Après le Qatar, étrangement, on a vu venir autre chose, au loin. Un décalage naissant, qui a fait suite à un coup reçu en plein ego, début 2023. En mars, Deschamps a préféré filer le brassard de capitaine, historiquement tenu par Hugo Lloris, à Kylian Mbappé. Si la tête du bonhomme n’a pas changé radicalement, Griezmann a dû digérer un rêve dissipé : celui de jouer l’Euro 2024, en Allemagne, les cheveux au vent, avec le biceps enserré. Le patron des Bleus a beau avoir répété plusieurs fois que le sujet n’avait pas été « un sujet sensible », on concède ne jamais y avoir cru, d’autant plus quand on sait qu’Antoine Griezmann n’a jamais totalement compris pourquoi le pays tout entier ne s’était pas levé pour qu’il rafle le Ballon d’or en 2018. Ainsi, le sujet a plané, toujours un peu, au moment où Griezmann aurait aimé être le centre magnétique autour de qui le staff allait se reposer pour bâtir une génération post-2022. Un boulon a sensiblement sauté, et le joueur a longuement réfléchi à la suite de sa vie internationale, à 33 ans, alors qu’un nouvel Euro allait arriver et qu’une Coupe du monde dans un coin du monde qui le fascine se profile.

L’Euro 2024 de Griezmann, quasiment toujours à la droite de Didier Deschamps sur les photos officielles, a ensuite été une incompréhension, un flou inhabituel, un truc étrange à palper. Moins éclairé, le meilleur passeur de l’histoire de l’équipe de France a fait le job, sans jamais totalement être là, ce qui ne lui ressemble pas. Depuis vendredi, des bruits faisaient entendre que la fin était proche. Le dernier rassemblement avait indiqué une tendance : il n’aura eu sa place dans le onze de départ contre l’Italie que grâce à un forfait de dernière minute et a filé sur le banc face à la Belgique. Lundi, dans un communiqué, Deschamps a confirmé la chose en évoquant « le courage, la lucidité et l’honnêteté » dans « l’analyse » d’Antoine Griezmann.

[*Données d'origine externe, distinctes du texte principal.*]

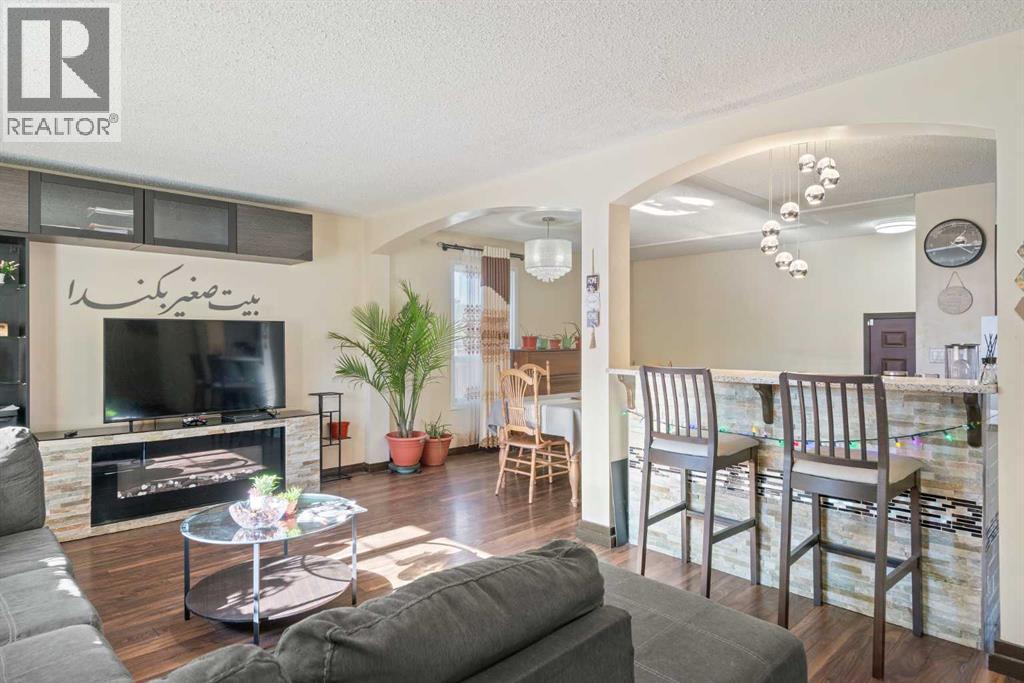 6108 28 Avenue Ne, Calgary, Alberta  T1Y 3C9 - Photo 9 - A2260304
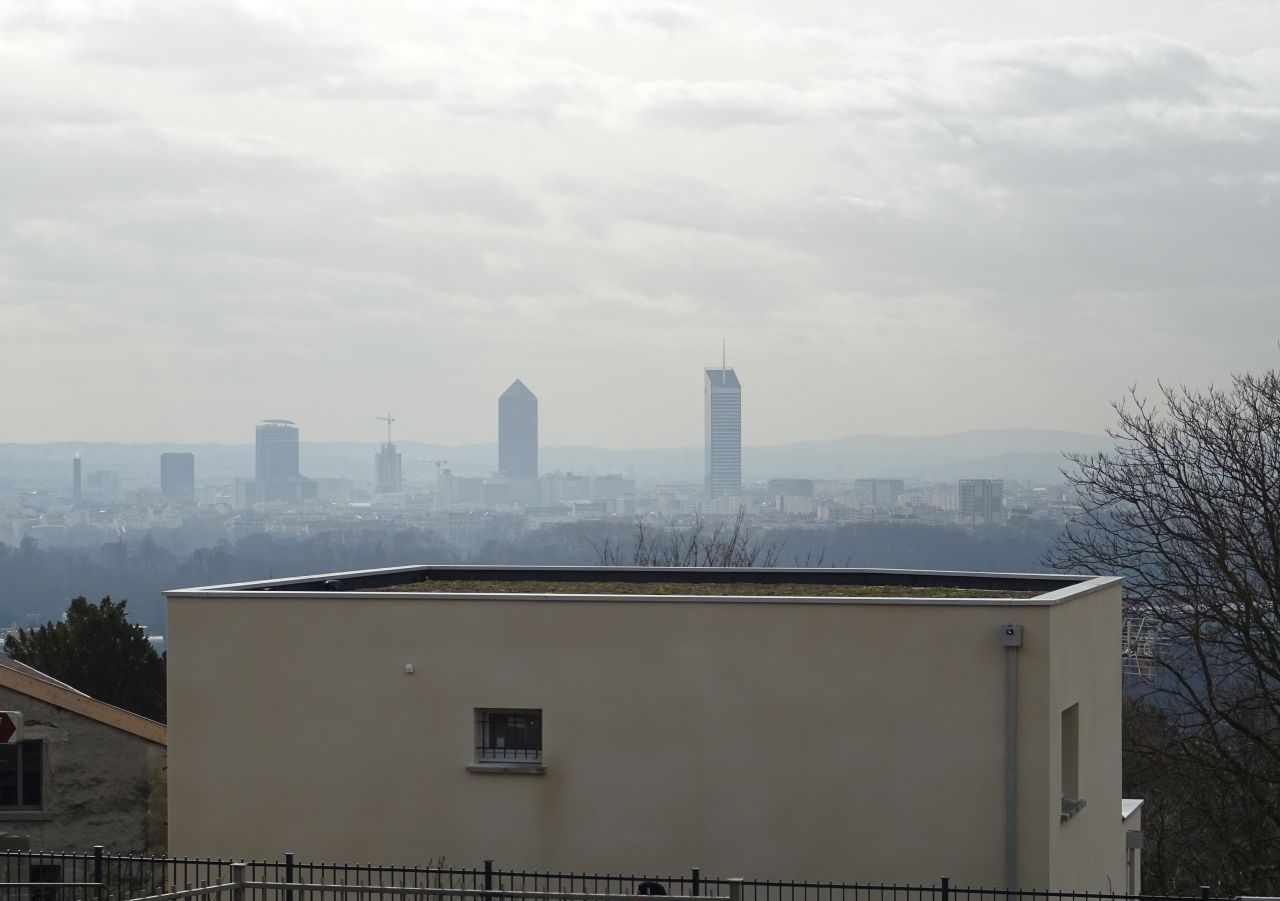 façade nord, toit végétalisé et vue sur Lyon !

On pourra regretter la difficulté du sélectionneur à mettre, dans plusieurs cas, un point final propre. Son histoire avec les Bleus l’a montré à plusieurs reprises avec des cadres de premier rang et ici, Antoine Griezmann préfère quitter la scène avant d’y écraser sa guitare. Ça ne serait pas le genre du mec, souvent solaire, qui a même souhaité annoncer son choix en amont de la prochaine liste pour éviter de ne trop polluer l’atmosphère. De fait, le sujet devrait quand même faire beaucoup parler au sein d’un groupe en quête de confiance et au-dessus d’une équipe qui voit son cerveau créatif ranger ses crampons, comme ça, sur un tweet publié un lundi matin, lu sur la route du boulot, quelques jours après l’annonce de la retraite sportive de Raphaël Varane. Peut-être est-il alors le moment idéal pour se rappeler, maintenant, des mots de Simeone, qui disait que « quand un mec parvient à ce que toute une équipe fonctionne autour de son cerveau, cela a une valeur inestimable ». Gardons ceci en tête : nous avons été des privilégiés.